The behavior tracking unit

For behavioral tracking, we illuminated the fish with an infra-red LED at a wavelength of 850 nm to which the fish is blind. Eye movements were recorded with an infrared sensitive Point Grey USB3 camera (FL3-U3-13Y3M-C, Point Grey Research, Richmond, BC, Canada) and an objective with adjustable zoom from Navitar.

The Fishualizer

The Fishualizer is built on a range of core techniques to display large datasets in 3D without noticeable loading times or memory constraints. Specifically, OpenGL is used for rapid visualization via pyqtgraph (http://www.pyqtgraph.org), datasets are memory-mapped from HDF5 (via h5py, i.e., datasets can be displayed even on computers with little working memory), and a user-friendly, crossplatform interface is provided (via QT5, PyQt5).

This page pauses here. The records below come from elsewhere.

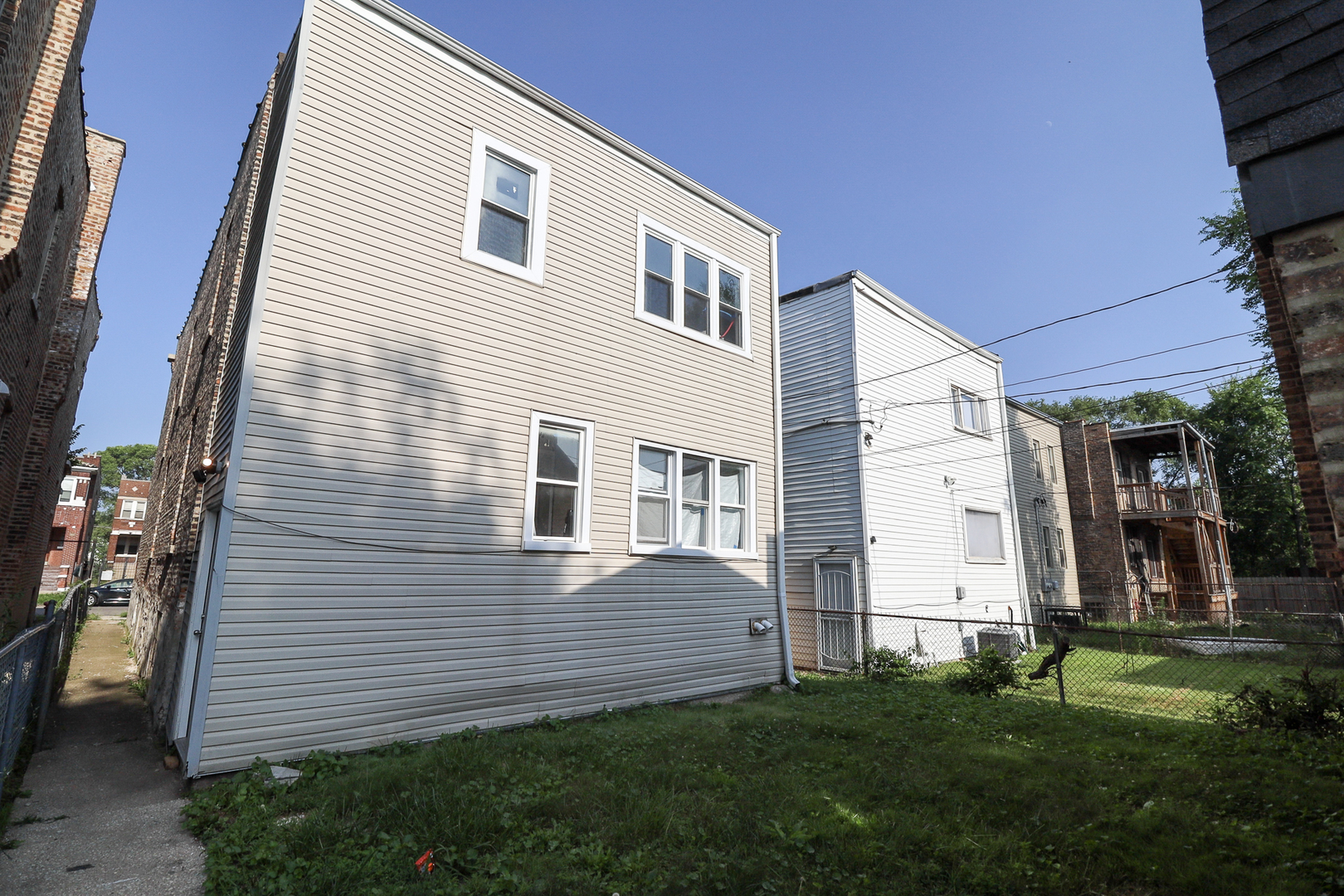 6936 S Green Street Property Photo 13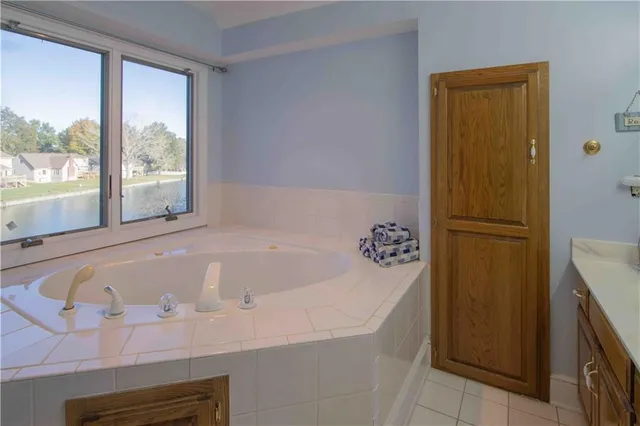 $449,900 | 1219 Pembrooke Drive, Warrensburg, MO 64093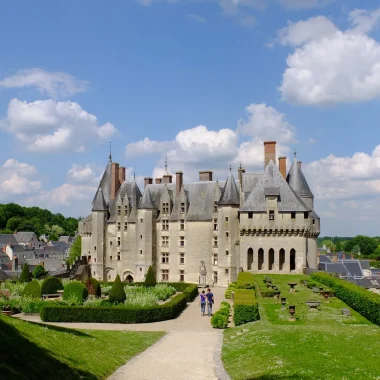 Couple devant le château de Langeais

Fishualizer provides a feature-rich, easily accessible interface, including the possibility to:

• •show dynamic data, e.g., calcium or spiking data
• •show static datasets, e.g., regression clusters as the output from data analysis
• •show stimulus or behavior alongside activity
• •compute basic analysis functions online for data exploration (e.g., correlating against a time-series, such as the stimulus or the behavior)
• •deconvolve spike-times from calcium data (via built-in OASIS [18])
• •select subsets of neurons by anatomical region (using the zBrain atlas [22])
• •visually select and display single neuron activity
• •flexibly limit set of displayed neurons in X, Y, and Z directions
• •freely rotate, zoom, or pan across data
• •adapt color-mapping and transparency of visualization
• •export videos and screenshots for inclusion in presentations and publications

The code is released alongside this publication, and is available open source. Fishualizer is written in Python 3.6 and was tested on Linux, Windows and Macintosh operating systems on regular desktop and laptop computers. Further instructions for installation and usage are provided alongside the code repository. Notably, the Fishualizer can be used without Python coding skills due to its user-friendly interface.

Sample preparation

Larvae were placed in 2% low melting point agarose (Sigma-Aldrich) and then drawn tail first into a glass capillary tube with 1 mm inner diameter via a piston. Agarose was cut directly rostral to the fish; For experiments involving eye rotation monitoring, the agarose was removed around the eyes (Figure S1). The capillary tube was then introduced into the microscope chamber filled with E3 medium at room temperature. It was held by a x-z translation stage and supported mechanically by a plastic cylinder with O-rings on both sides to make the system water proof and mechanically stable. The larva was positioned dorsal up. The sample holder with the fish was aligned along the microscope rotation axis in order to minimize linear acceleration associated with rotation. We waited ∼15min before starting the experiment to reduce thermal drift. We thermally equilibrated the setup over night with all instruments switched on to ensure long-term stability. For imaging, the fish in agarose was extruded from the capillary and positioned in the detection plane of the light-sheet microscope. Before every experiment, the fish were habituated to the laser excitation light for some minutes and between different runs the light-sheet stayed on.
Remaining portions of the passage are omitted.